EPUB

What is EPUB

EPUB stands for electronic publication. It is an open file format used for eBooks. While eBooks typically refer to digital books, EPUBs is generically meant to include things that were represented as PDFs. EPUB is the distribution and interchange format standard for digital publications and documents based on Web Standards and is an IDPF (now a part of the W3C) standard.

What the EPUB format does

EPUB defines a means of representing, packaging and encoding structured and semantically enhanced Web content — including XHTML, CSS, SVG, images, and other resources — for distribution in a single-file format. EPUB allows publishers to produce and send a single digital publication file through distribution and offers consumers interoperability between software/hardware for unencrypted reflowable digital books and other publications.
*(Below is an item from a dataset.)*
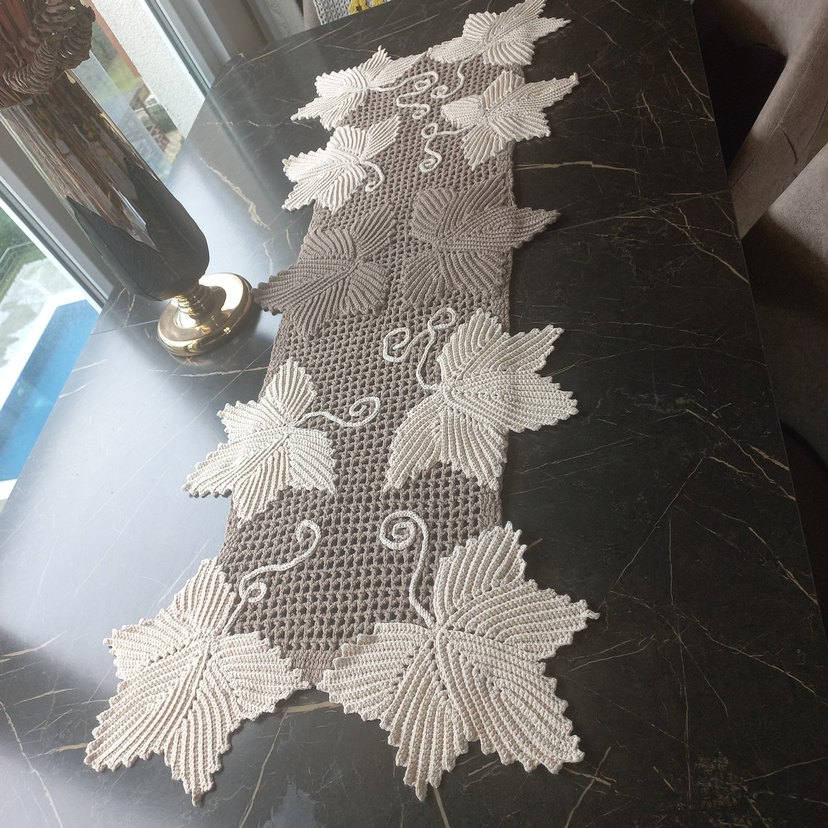 Yaprak Motifli runner ve sehpa örtüsü - Görsel 4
The EPUB file is a zip archive so it is portable.

EPUB contains
  • XML structures
  • HTML and CSS resources
  • images
And – with EPUB 3
  • javascript code,
  • audio and
  • video assets.
As an open standard, the specification is freely accessible from the IDPF website so developers can freely create applications for generating or rendering EPUB files (.epub) prodcued by publishers.
More information on EPUB 3 can be found at EPUBZone website EPUB 3 overview.

Why EPUB

Using open Web Standards in EPUB brings many advantages to the publishing industry:

  • Web Standards are interoperable, meaning they aim at being usable on any kind of device; so is the EPUB standard.
  • Developers of the EPUB specification benefit from the work of the entire Web community. As an example, ebooks accessibility is leveraged by the work done by the W3C on the subject [WAI].
  • Developers of EPUB authoring solutions can create such tools as variants of Web authoring solutions. Developers of reading applications can use as core for their rendering engine an off-the-shelves Web browser engine.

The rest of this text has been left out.